3. Collection of breastmilk in different lactational stages: As reported in this review and the field in general the compositional make-up of milk is dependent upon the lactational stage the sample was taken (i.e. colostrum, early and mature milk). It is fairly established that colostrum is quite different from mature milk, thus study designs should ensure collection between subjects’s falls squarely within the desired stage and report the number of days post-delivery the sample was taken.

4. Inadequate description in how milk was collected, handled, stored and prepared for analyses: Investigators must provide a thorough description of how the breastmilk was collected, handled and stored (i.e. skimmed milk vs whole, frozen vs refrigerated). This is thought to play a significant role, albeit unknown in how this affects the particular assay used for determining specific bioactive compounds in the milk.

5. No control for maternal fasted-ness: Standardized maternal fasted-ness at the time of milk collection is important, just as it would be for example, in determining blood lipid levels (cholesterol, LDL, HDL) or diabetes risk (glucose and insulin). It is believed that the maternal diet plays a significant role in breastmilk composition, though little is known of the appearance, peak and disappearance of specific bioactive compounds in the milk.

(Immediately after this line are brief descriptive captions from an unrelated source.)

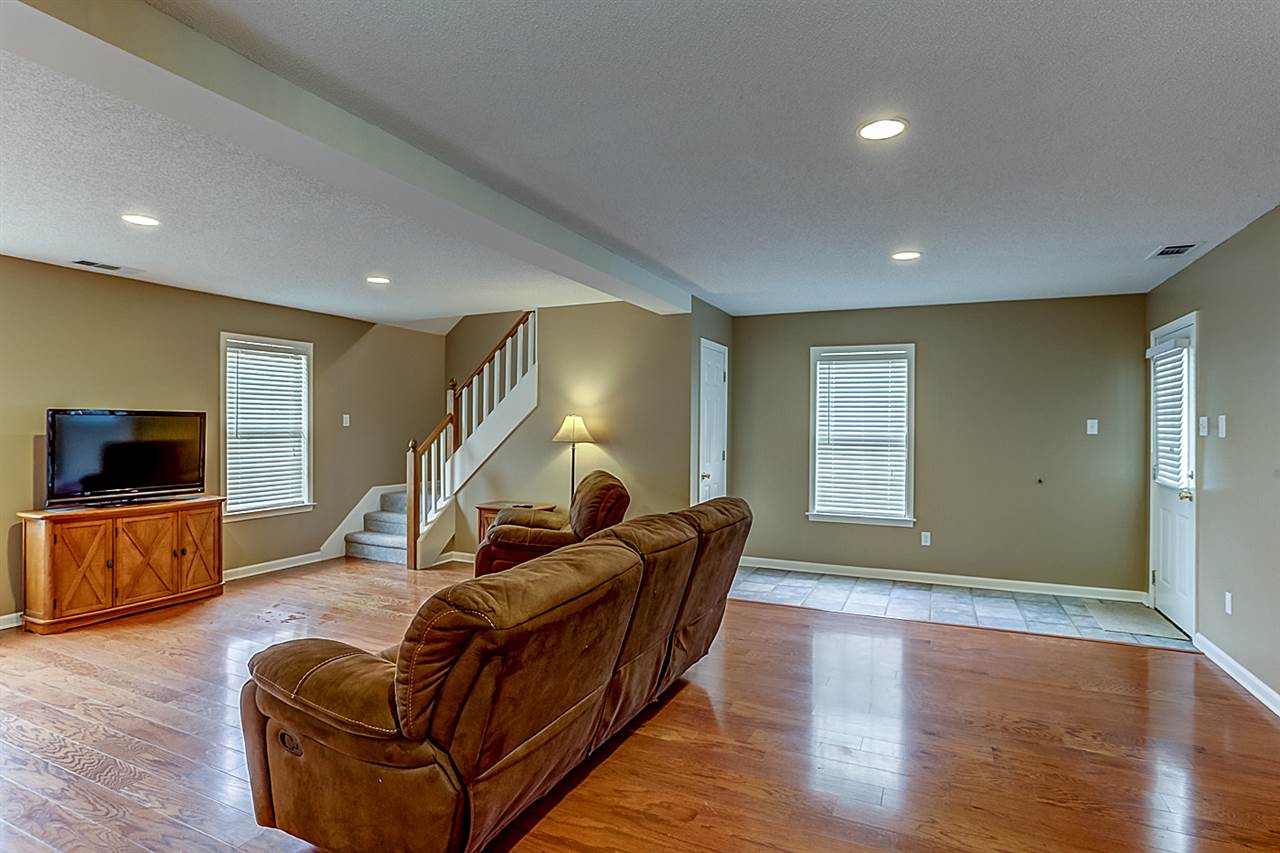 9445 Pleasant Ridge Road Lakeland, TN 38002 - Photo 10 of 21 This additional 23x18 Great Room has hardwood floors, a full separate bathroom and its own entry to the covered patio.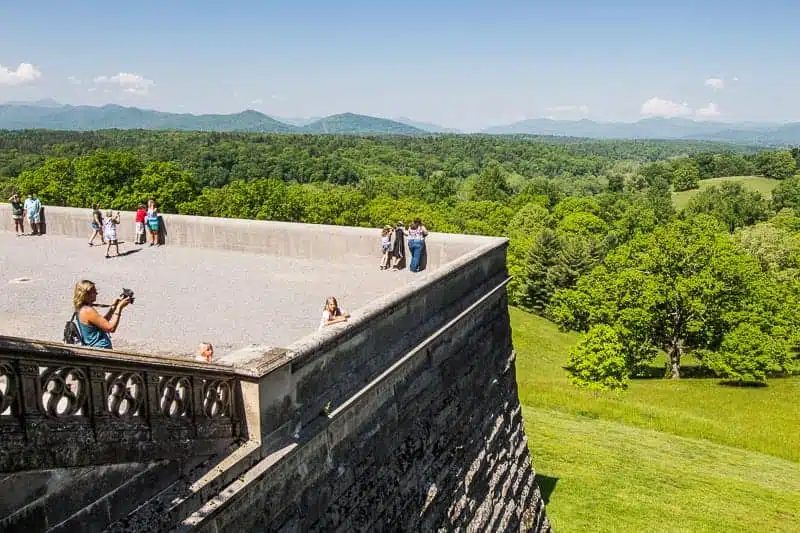 people standing on rooftop looking at pisgah forest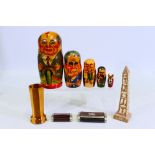 A set of Russian president matryoshka dolls, two wood and white metal snuff boxes,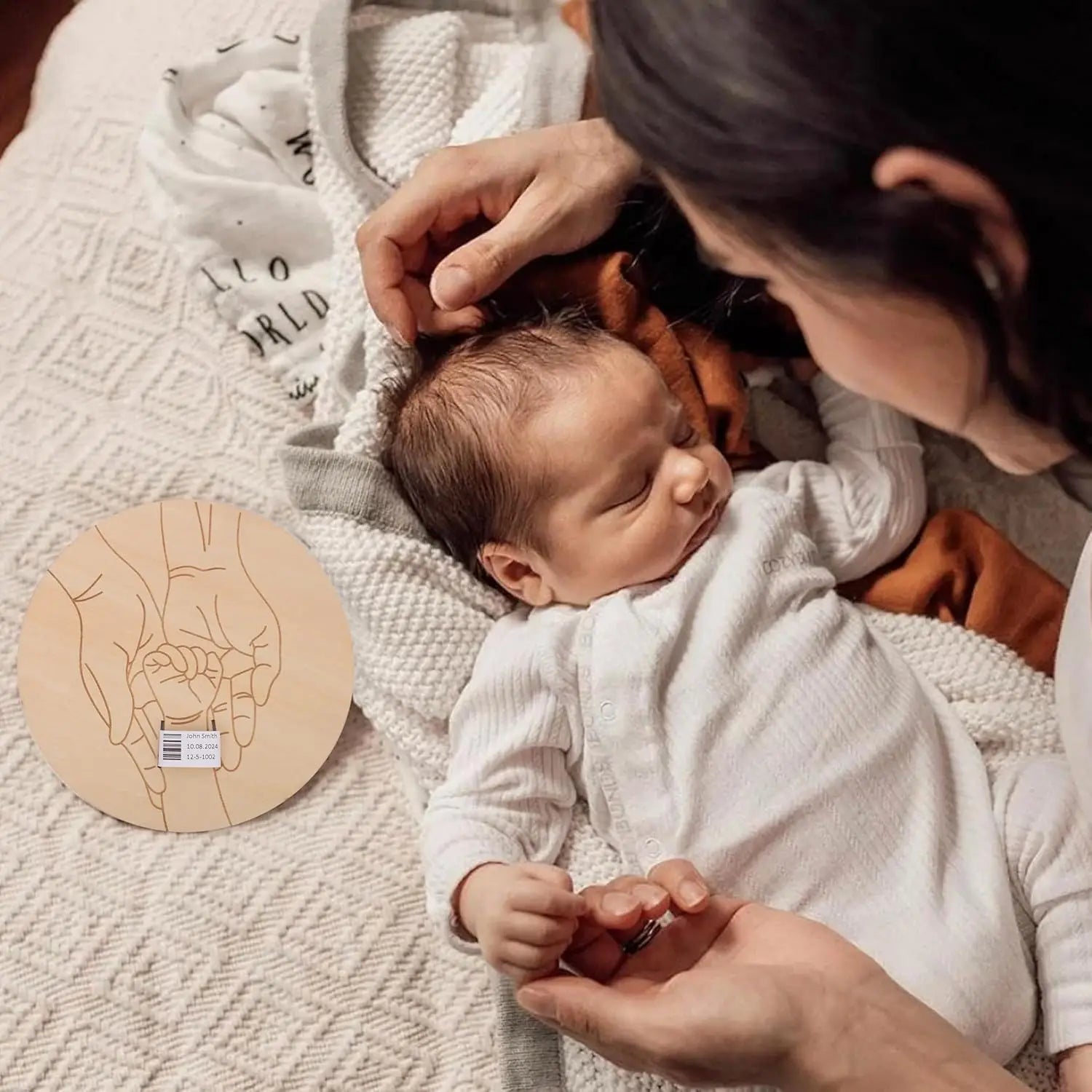 Wooden birth keepsake plaque with engraved hands, next to a sleeping newborn and parent.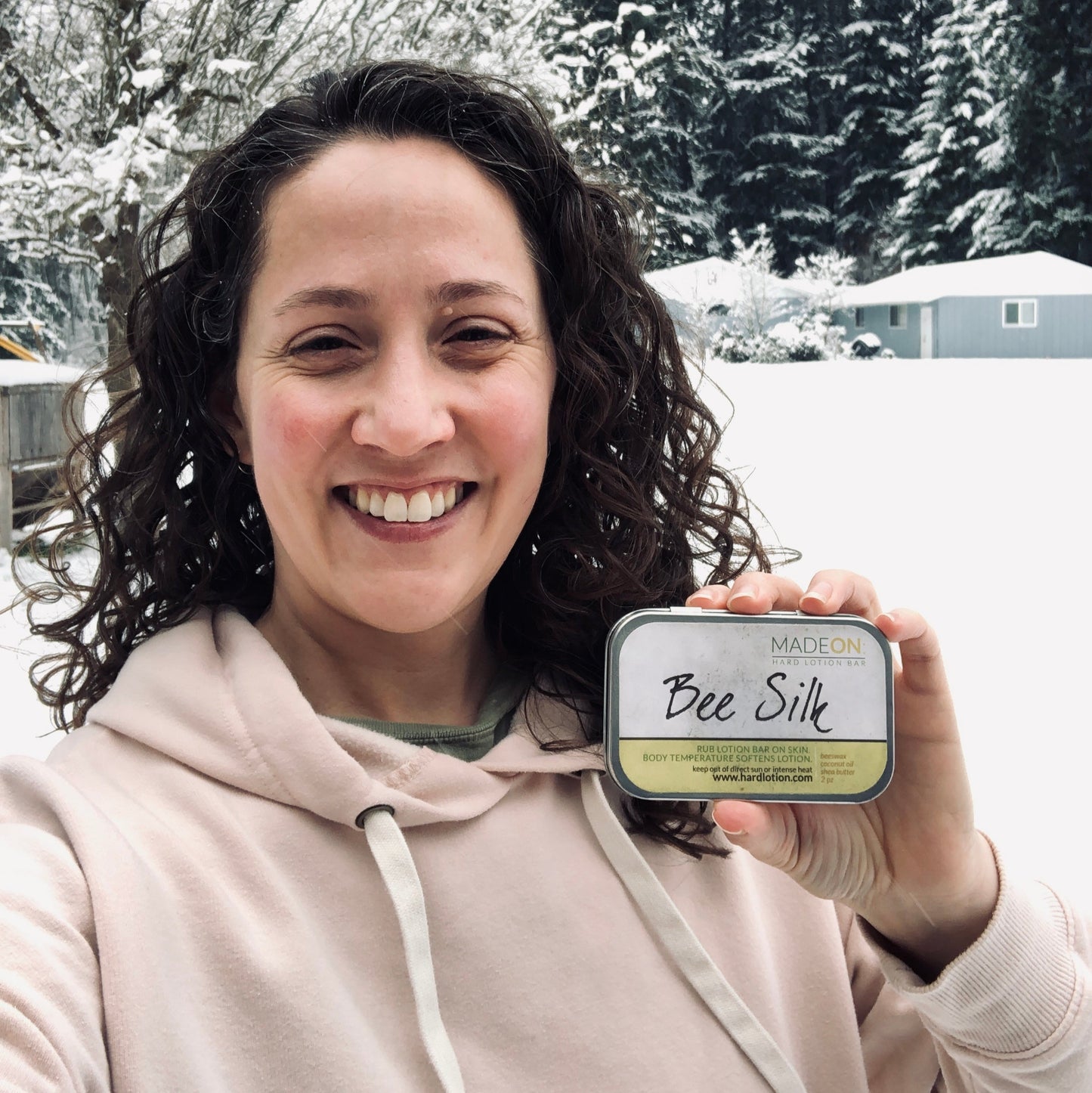 curly-haired, smiling woman in the snow holding a beeswax-based beesilk lotion bar for dry, winter skin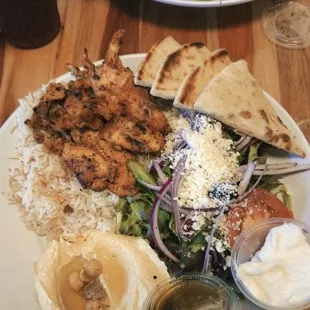 Chicken shawarma plate with humus and Greek salad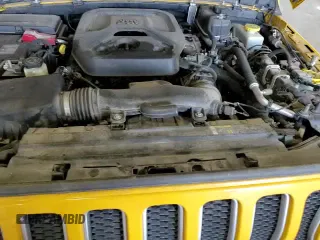 ✅ 2019 Jeep Wrangler Unlimited Sahara • VIN: 1C4HJXEN0KW625558 • Лот: 81084865. Опубликован ранее на Copart с пробегом 129 282 миль. Бесплатный доступ к архиву аукционных продаж из США и подробный отчёт об истории автомобиля на DreamBid. Изображение 14.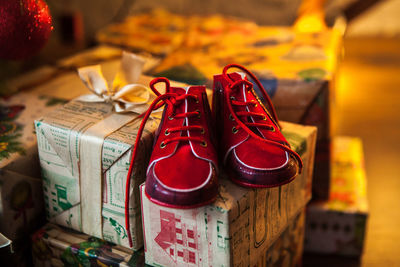 Close-up of red shoes on christmas presents at home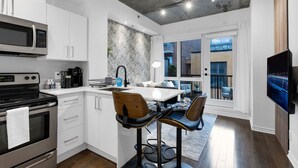 A modern kitchen with white cabinetry, a built-in microwave, and a stainless steel stove. There is a dining area with a white table and two bar stools. - Suite 407 Downtown Montreal | W/ Balcony, Queen Bed, Sofa Bed, Parking & 55` TV (Montréal)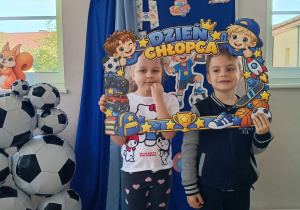 16. Chłopiec z dziewczynką pozują w ramce z napisem Dzień Chłopca.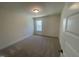 Comfortable bedroom with neutral carpet, and a window with a view of lush greenery at 113 Arundel Dr, Archer Lodge, NC 27527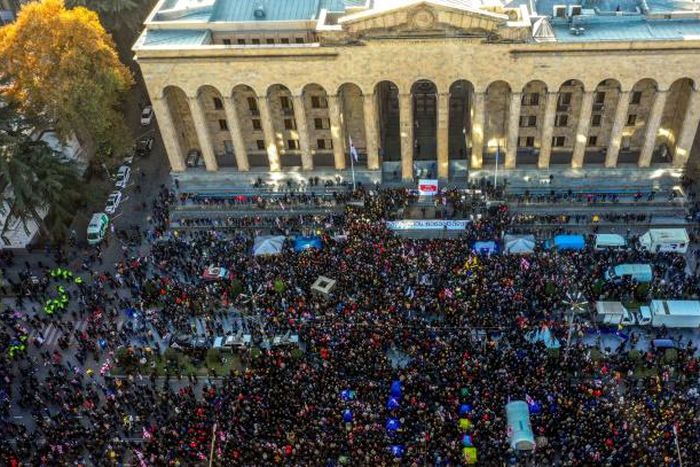 Tens of thousands of protesters gathered outside parliament on Monday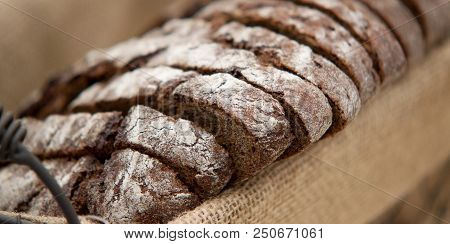 Sliced Rye Bread In A Basket On A Napkin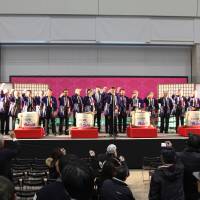 Participants in a previous Niigata Sakenojin make a toast to the crowd at the event. | LIBRARY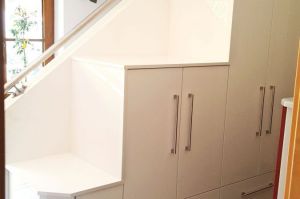 Stufige Schrankanlage in weiß Hochglanz vor der Treppenwand als Schuh und Garderobeschrank
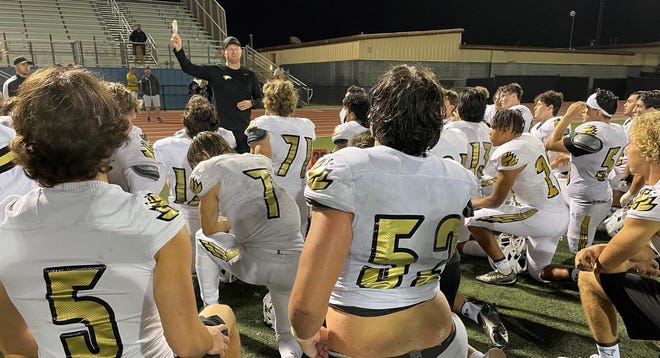 Defensive coordinator Marty Freel talks to the Oak Park team after the Eagles defeated host Buena 33-21 in a season-opening game on Friday night.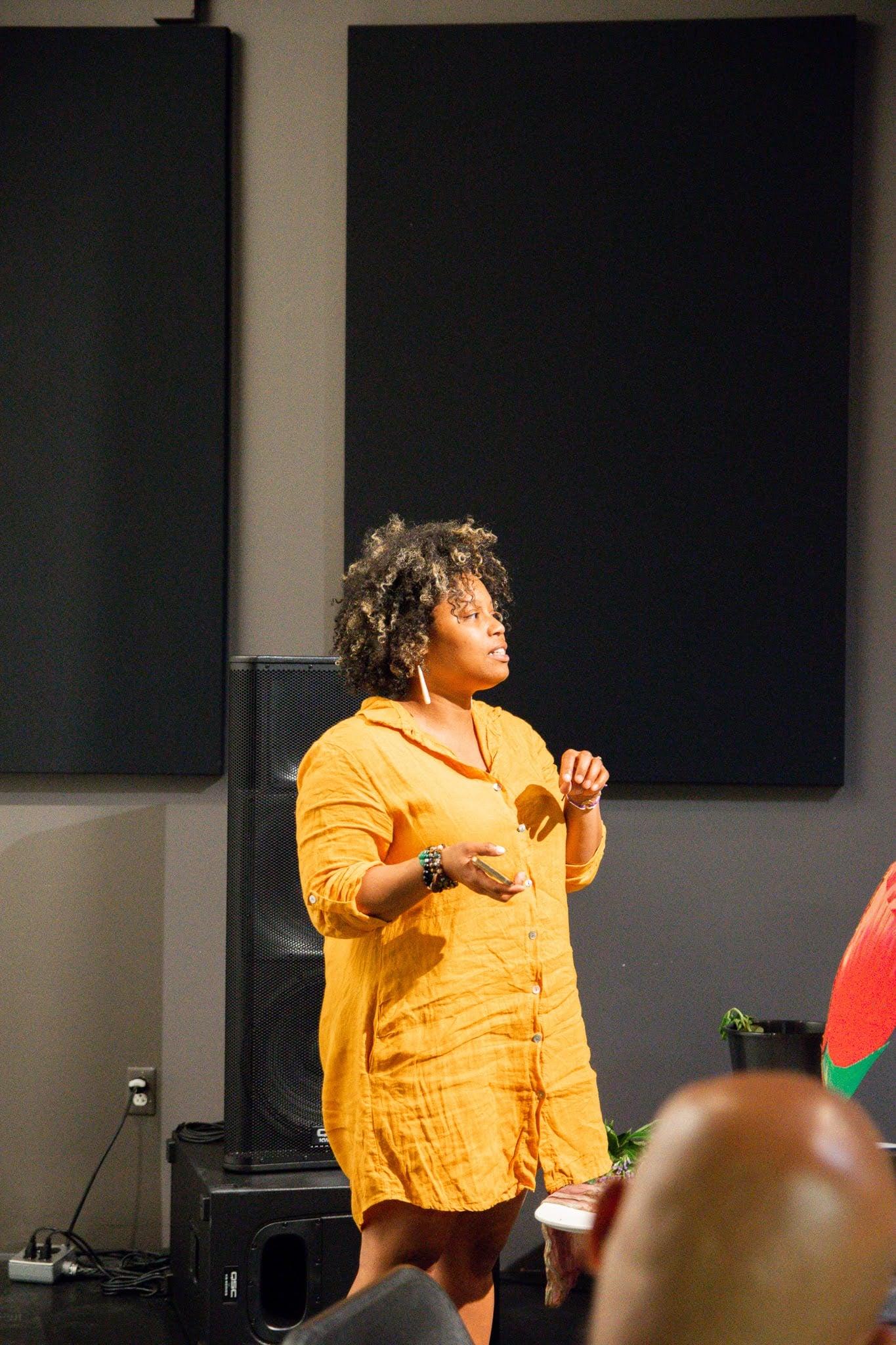 A speaker in a yellow dress at the Fall dinner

6. Limited data on infant outcomes: The literature to date is practically void of infant outcomes, let alone growth and body composition outcomes and their associations with bioactive compounds in breastmilk. At minimum, length and body weight should be collected with each breastmilk collection and when possible, body composition (preferably by air-displacement plethysmography and/or DXA).

Increased implementation of these recommendations, along with a careful consideration of both known and unknown factors identified in Figure 1, will significantly advance an exciting area of research important to health and well-being of future generations.

What is already known about the subject?

• Early feeding practices during infancy influence future disease risk.

• Breastmilk contains a multitude of bioactive non-nutritive compounds.

• The literature on the effects of bioactive compounds in breastmilk and their associations with infant growth and adiposity is sparse.

What does this study add?

• This review provided an in-depth analysis of the available evidence looking at the associations between breastmilk insulin, leptin, adiponectin, ghrelin, IL-6 and TNF-α and infant growth and body composition.

• In Western societies, adiponectin has negative associations with growth early in infancy.

• Further, adiponectin may exhibit pleiotropic properties based upon maternal BMI and the gender of the infant with food scarcity (developed vs. under-developed societies) also playing a potential role.